Exercise instructions — Each entry should be copied as it stands, leaving the pictures behind.

-- Opening Marker --

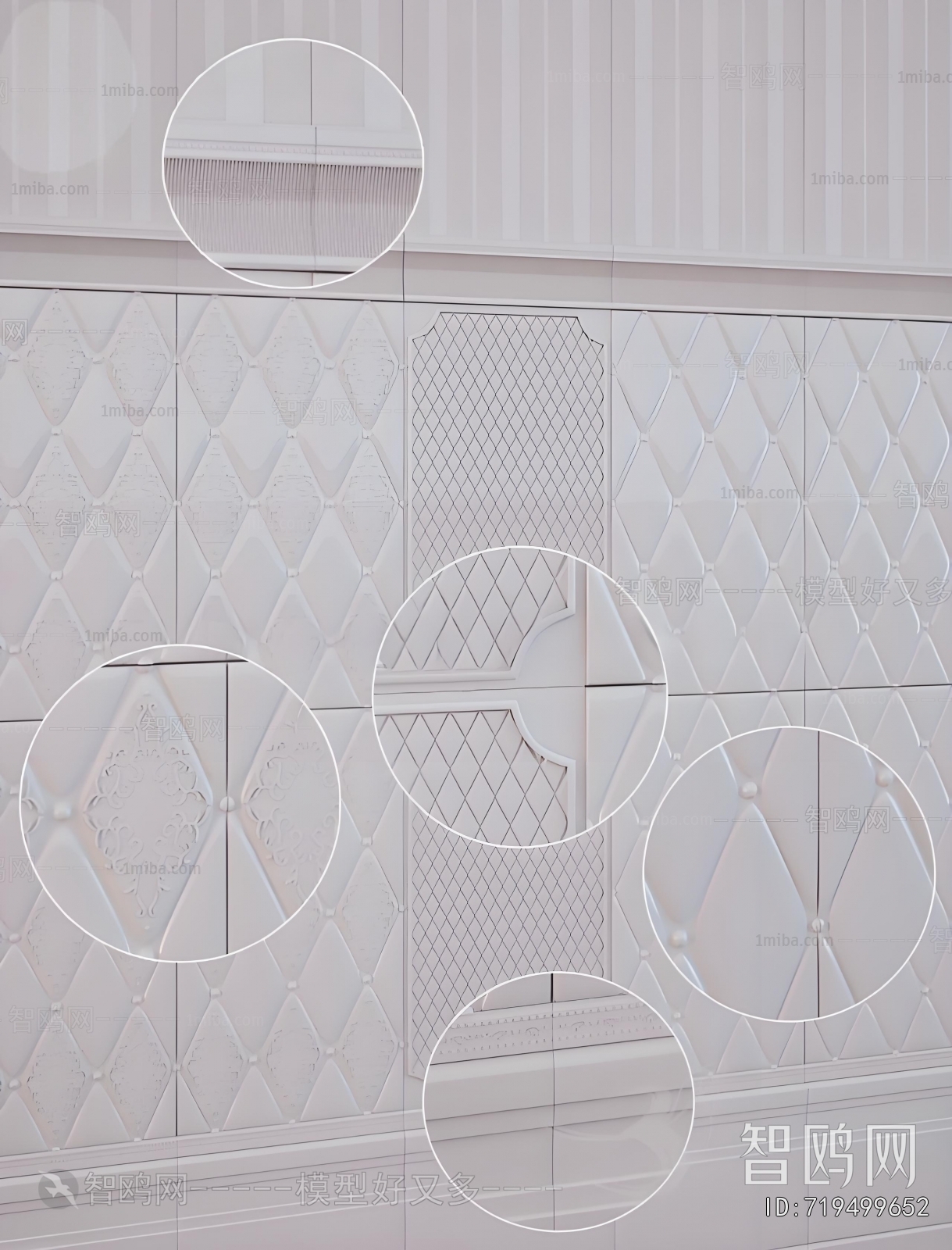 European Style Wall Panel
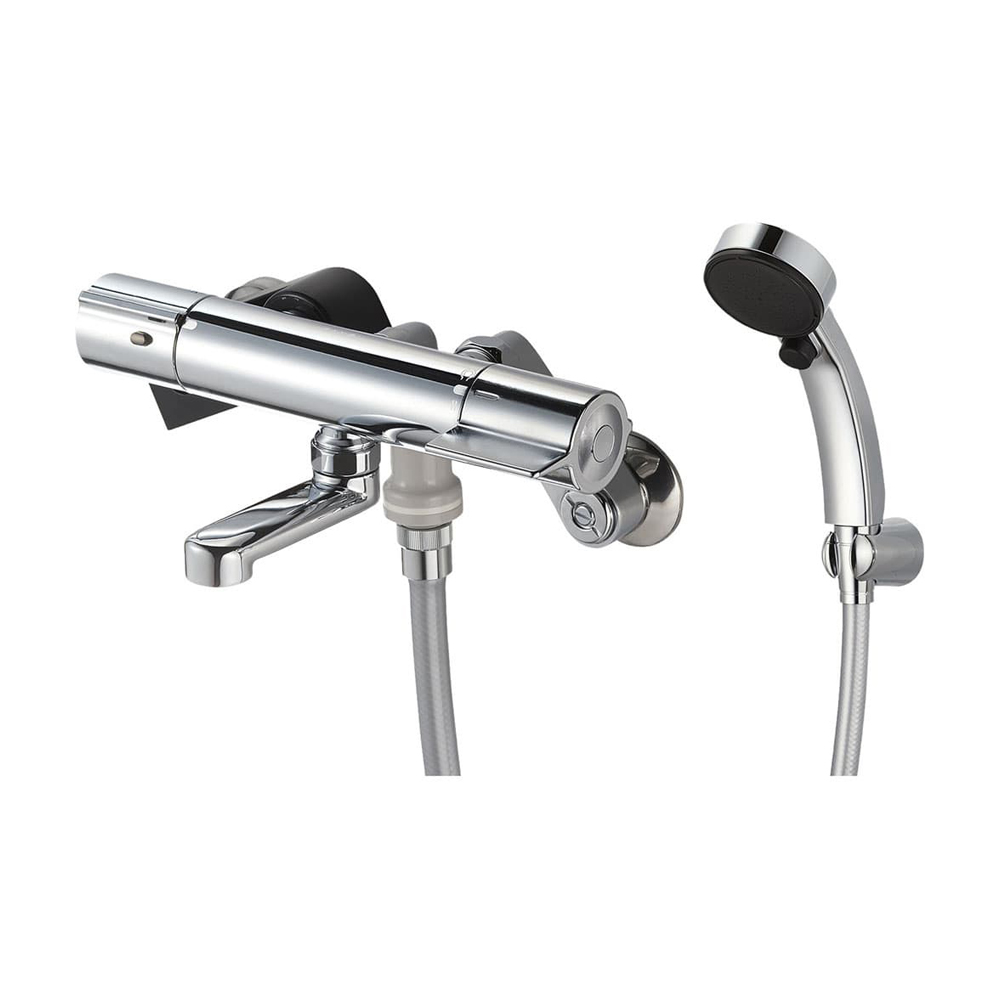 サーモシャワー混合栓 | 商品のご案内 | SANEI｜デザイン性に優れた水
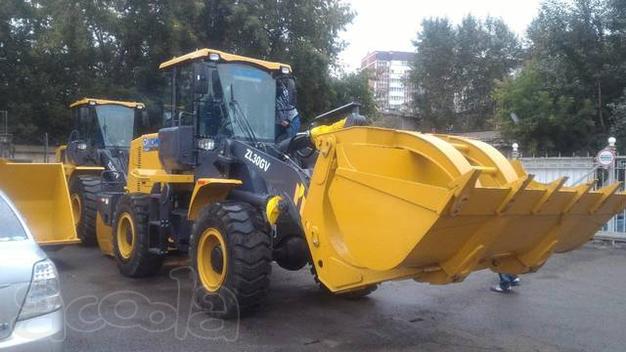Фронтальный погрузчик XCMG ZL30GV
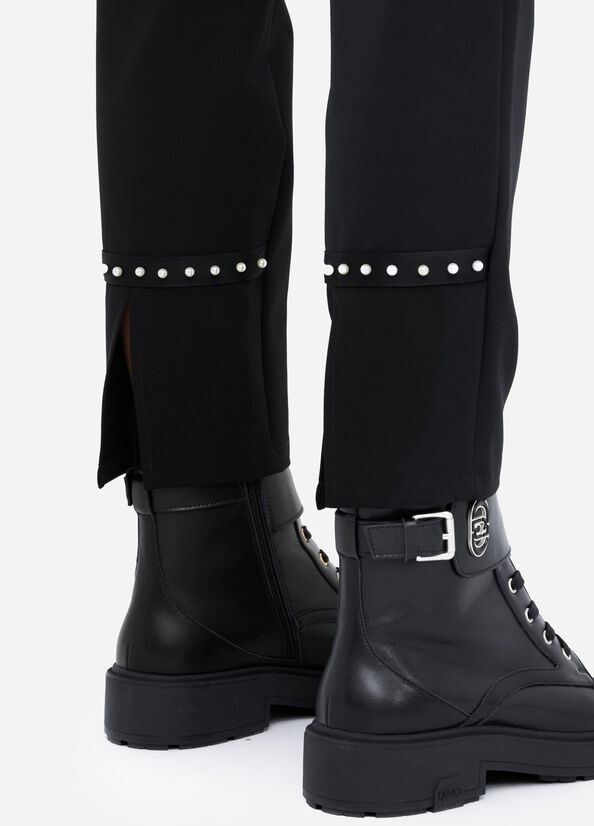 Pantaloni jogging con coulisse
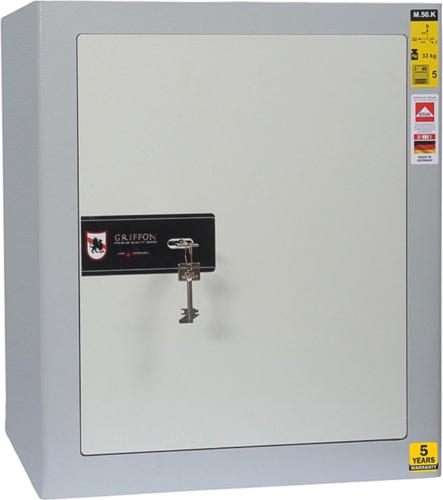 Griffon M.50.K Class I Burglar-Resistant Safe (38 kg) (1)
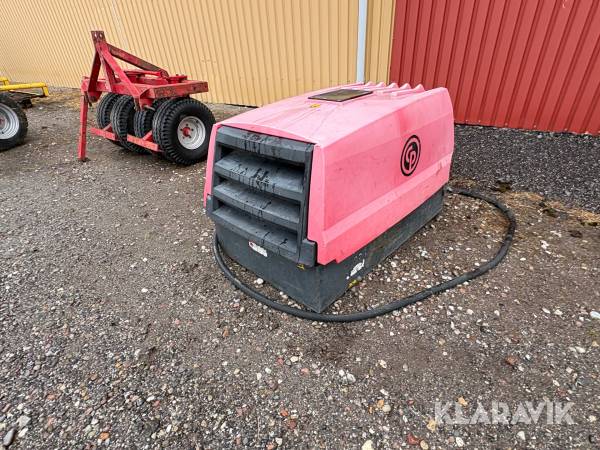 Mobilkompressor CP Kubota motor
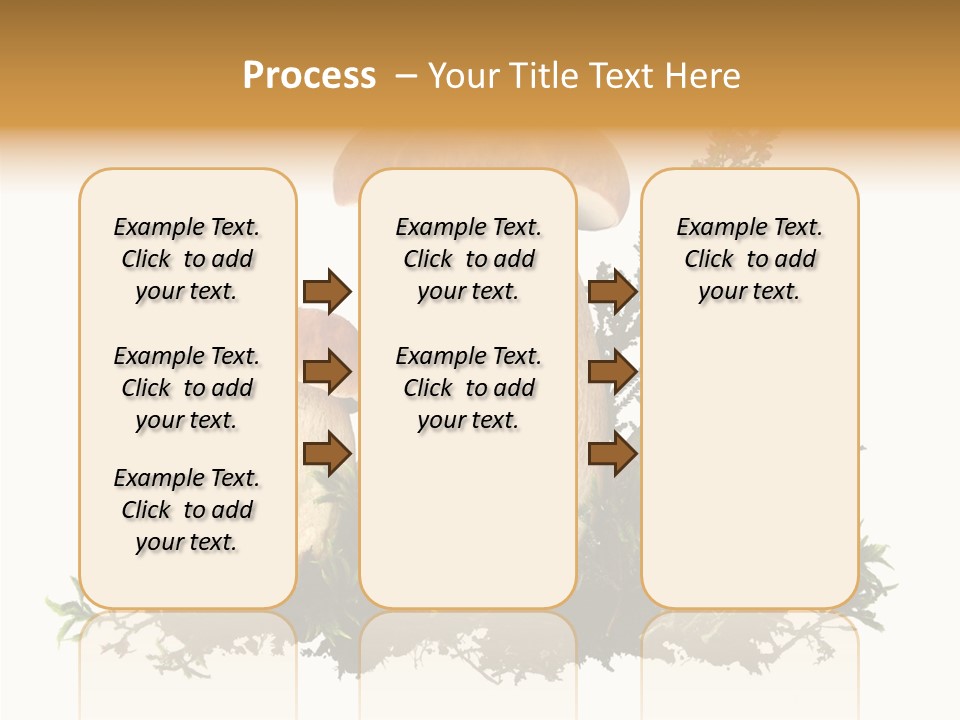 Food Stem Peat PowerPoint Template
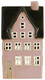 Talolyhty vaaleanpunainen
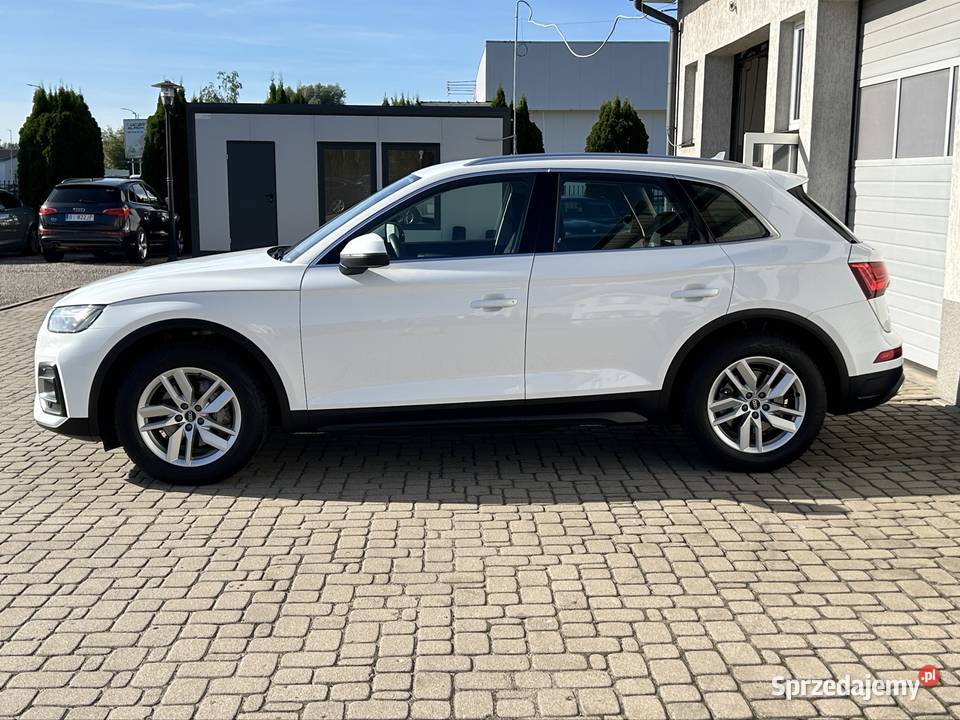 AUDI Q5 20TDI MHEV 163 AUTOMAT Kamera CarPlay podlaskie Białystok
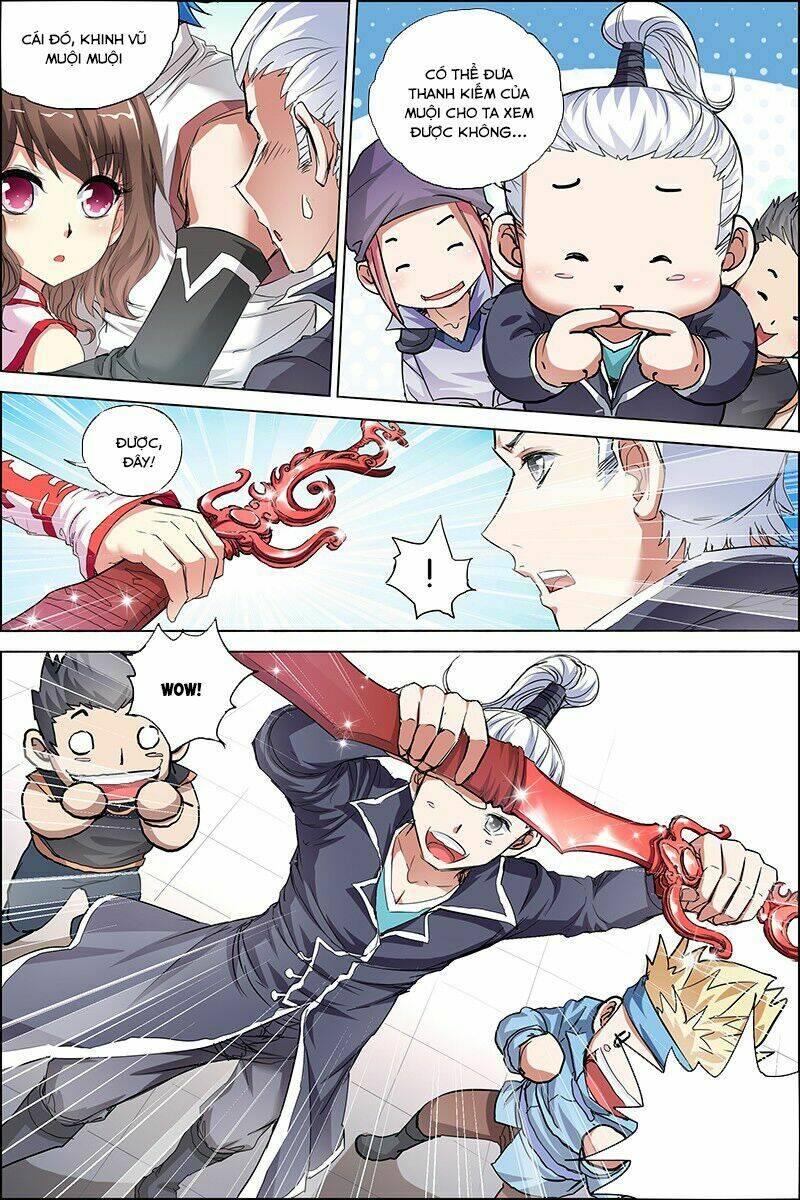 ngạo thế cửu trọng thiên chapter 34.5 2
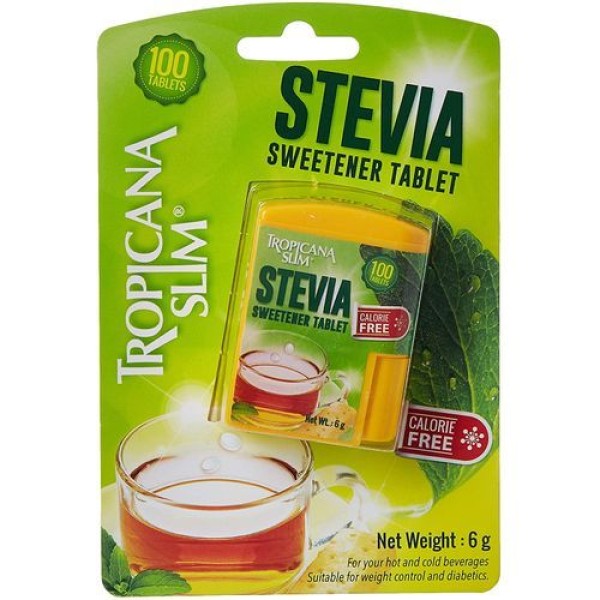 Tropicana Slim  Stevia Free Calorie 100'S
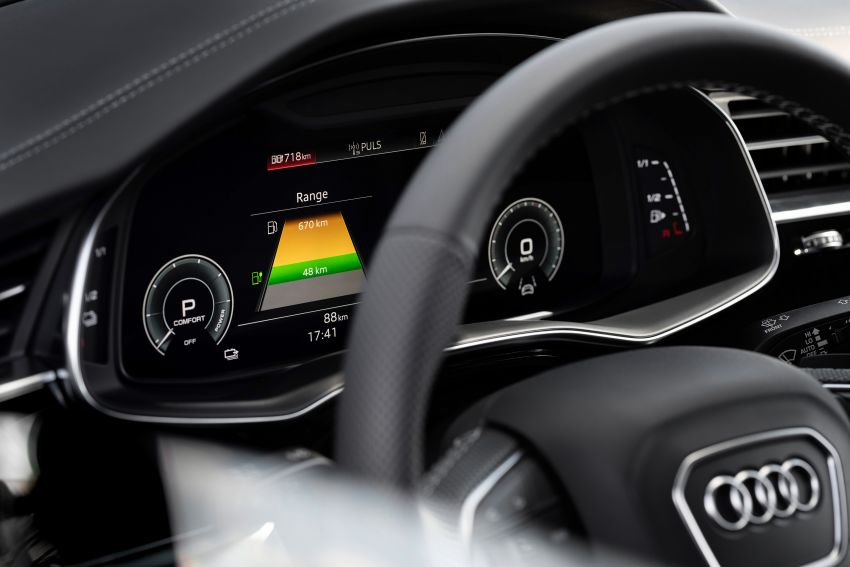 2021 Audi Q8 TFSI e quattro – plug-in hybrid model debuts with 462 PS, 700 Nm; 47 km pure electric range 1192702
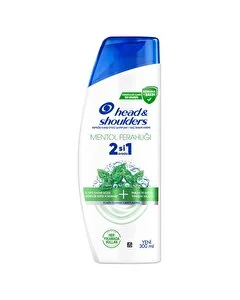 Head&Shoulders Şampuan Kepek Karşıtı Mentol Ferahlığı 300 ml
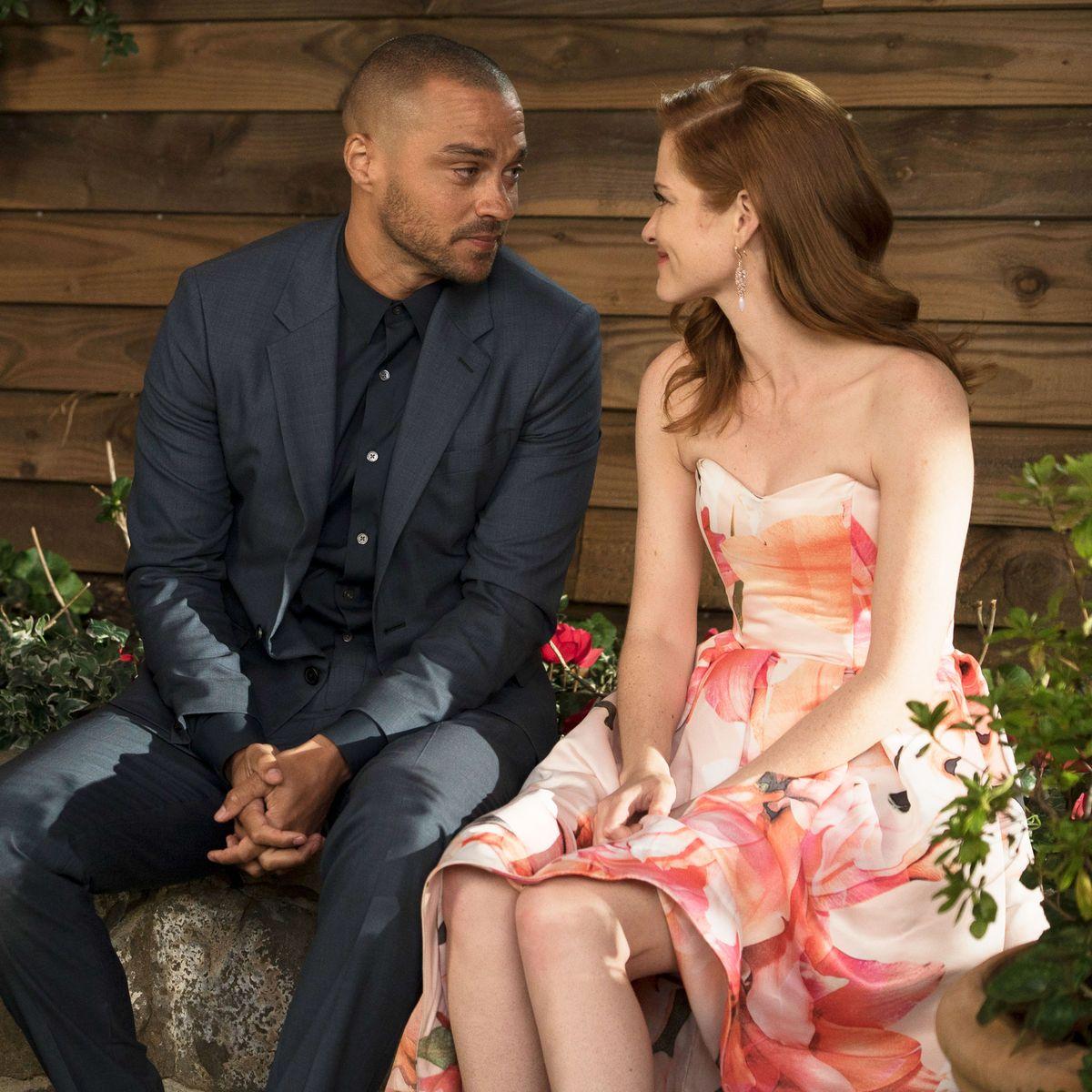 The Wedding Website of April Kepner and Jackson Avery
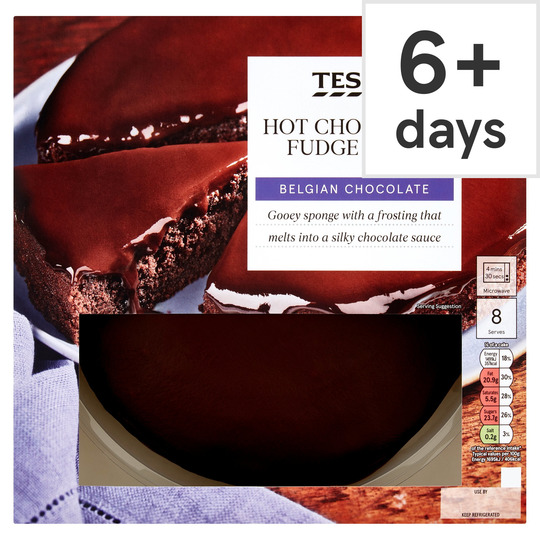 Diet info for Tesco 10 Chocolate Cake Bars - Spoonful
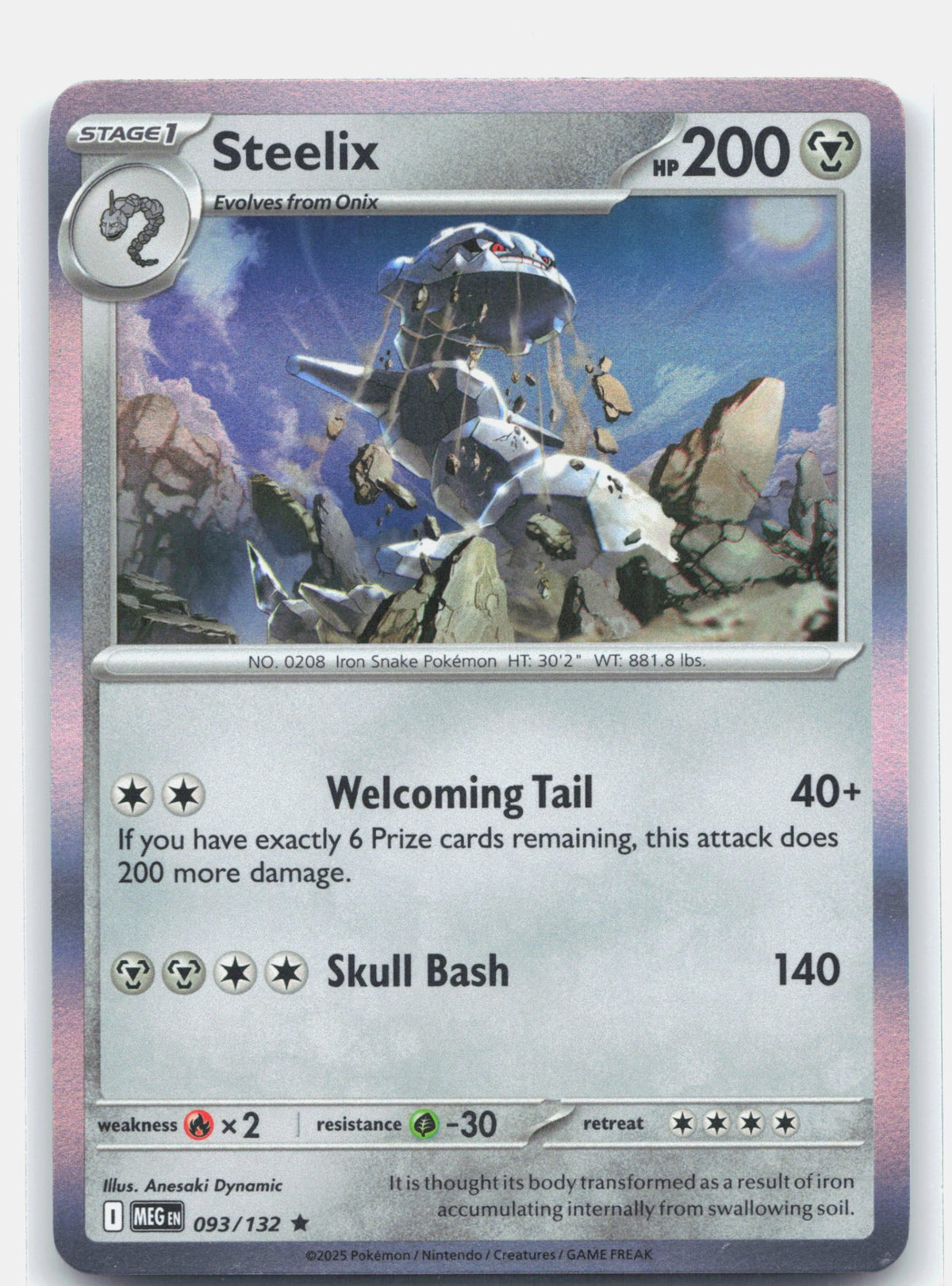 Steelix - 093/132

-- Closing Marker --

Response to this task —
 European Style Wall Panel
 サーモシャワー混合栓 | 商品のご案内 | SANEI｜デザイン性に優れた水
Фронтальный погрузчик XCMG ZL30GV
 Pantaloni jogging con coulisse
 Griffon M.50.K Class I Burglar-Resistant Safe (38 kg) (1)
 Mobilkompressor CP Kubota motor
 Food Stem Peat PowerPoint Template
 Talolyhty vaaleanpunainen
 AUDI Q5 20TDI MHEV 163 AUTOMAT Kamera CarPlay podlaskie Białystok
 ngạo thế cửu trọng thiên chapter 34.5 2
 Tropicana Slim  Stevia Free Calorie 100'S
 2021 Audi Q8 TFSI e quattro – plug-in hybrid model debuts with 462 PS, 700 Nm; 47 km pure electric range 1192702
 Head&Shoulders Şampuan Kepek Karşıtı Mentol Ferahlığı 300 ml
 The Wedding Website of April Kepner and Jackson Avery
 Diet info for Tesco 10 Chocolate Cake Bars - Spoonful
 Steelix - 093/132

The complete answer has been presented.